Complainant: Ontario Provincial Police
Charge(s): Operation of Motor Vehicle While Impaired by Alcohol & Operate Motor Vehicle with More than 80mg of Alcohol in 100ml of Blood.
Trial Lawyer: Jay Nadarajah, B.A., J.D.

Background: Two civilian witnesses came upon Mr. M.’s vehicle immobilized in a ditch with two wheels off the ground. They stopped to assist and believed that Mr. M., who was in the driver’s seat, was intoxicated. They called 911. The police officer who arrived at the scene arrested Mr. M. for Impaired Operation of that vehicle. But in the evidence there was no reference at all to the officer turning her mind to the questions of the timing of the driving and the timing of the accident or even to the issue of whether Mr. M. was in care or control of the vehicle. Mr. M. was then transported to the nearest OPP detachment in order for him to provide a breath sample. While there he exercised his right to counsel and called a paralegal. While he was consulting by telephone with the paralegal, the officer interrupted to make sure that he was really talking to “counsel.” A little later, the breath machine officer interrupted Mr. M. and told him that that was it, his call was done, and made Mr. M. hang up immediately in order to take him to give a breath sample. This officer did not give Mr. M. any advance warning that his call was going to be cut off and nor did he give him to time to “wrap up” his consultation with his counsel. He was then taken to give a breath sample.
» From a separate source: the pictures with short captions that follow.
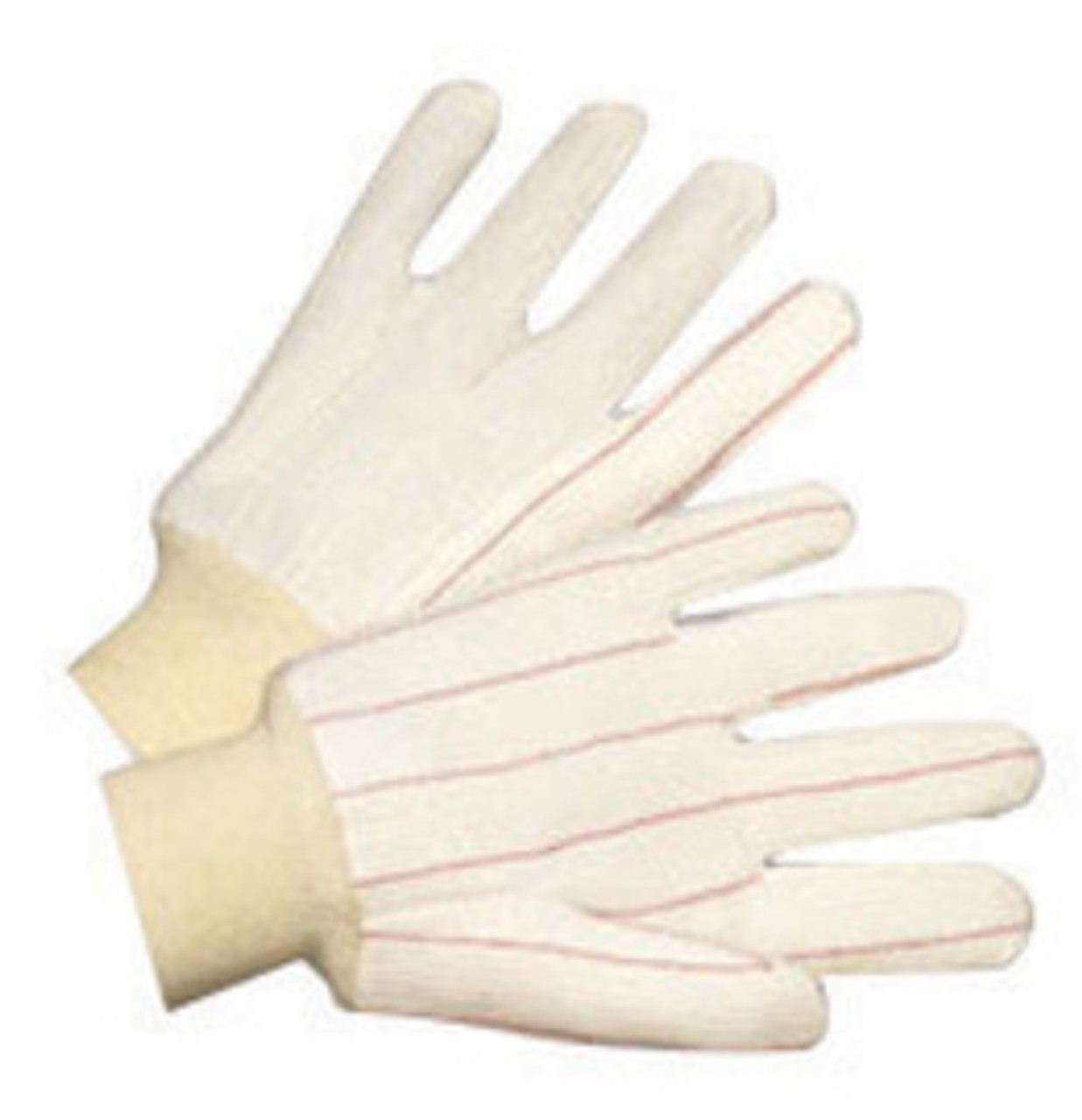18oz Double Palm Knit Wrist Canvas Gloves  ##325 ##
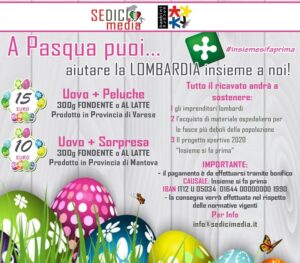 Scopri di più sull'articolo A Pasqua puoi… aiutare la Lombardia insieme a noi!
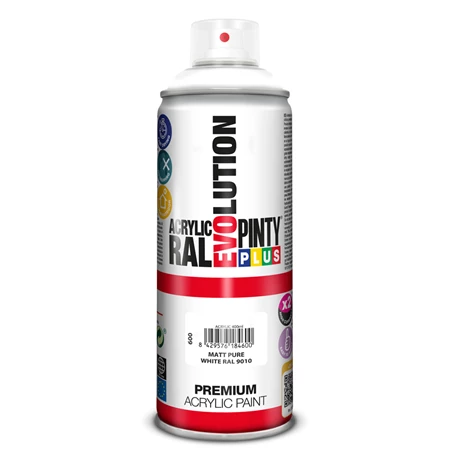 Akrilfesték spray, EVO, matt fehér, 400ml (9010)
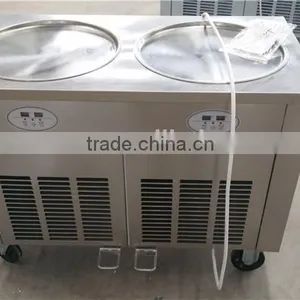 2017 New Style-30 C Degree Fried Ice Cream Machine Double Pan thumbnail-1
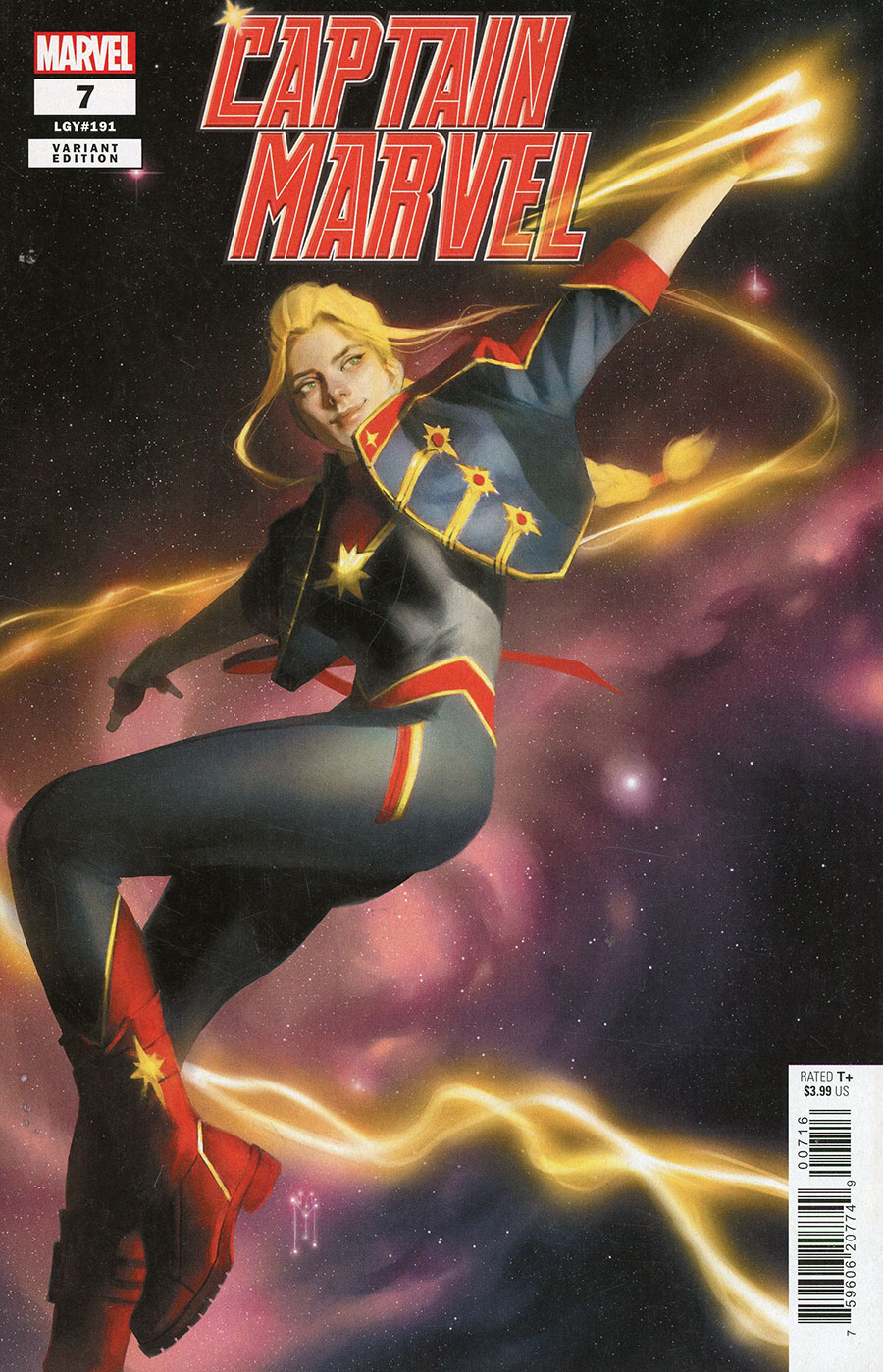 Captain Marvel Vol 10 #7 Cover C Incentive Miguel Mercado Variant Cover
Goal: As Mr. M. was charged with both “Impaired” and “Over 80,” he needed acquittals on both charges to avoid a criminal record.

Strategy: For the Impaired we needed to show that the Crown could not prove the time of driving nor, given the immobilized state of the vehicle, that Mr. M. had had care or control of the vehicle. An officer has to have reasonable grounds to believe that a person was operating a motor vehicle while Impaired or Over 80 within the preceding three hours in order to demand that the person give a breath sample. We planned to show that the officer did not have the required reasonable and probable grounds. For the Over 80 we had to show that there had been breaches of Mr. M.’s Charter rights by the police that were serious enough to warrant the exclusion of the breath sample evidence (without which there could be no conviction of the offence of over 80).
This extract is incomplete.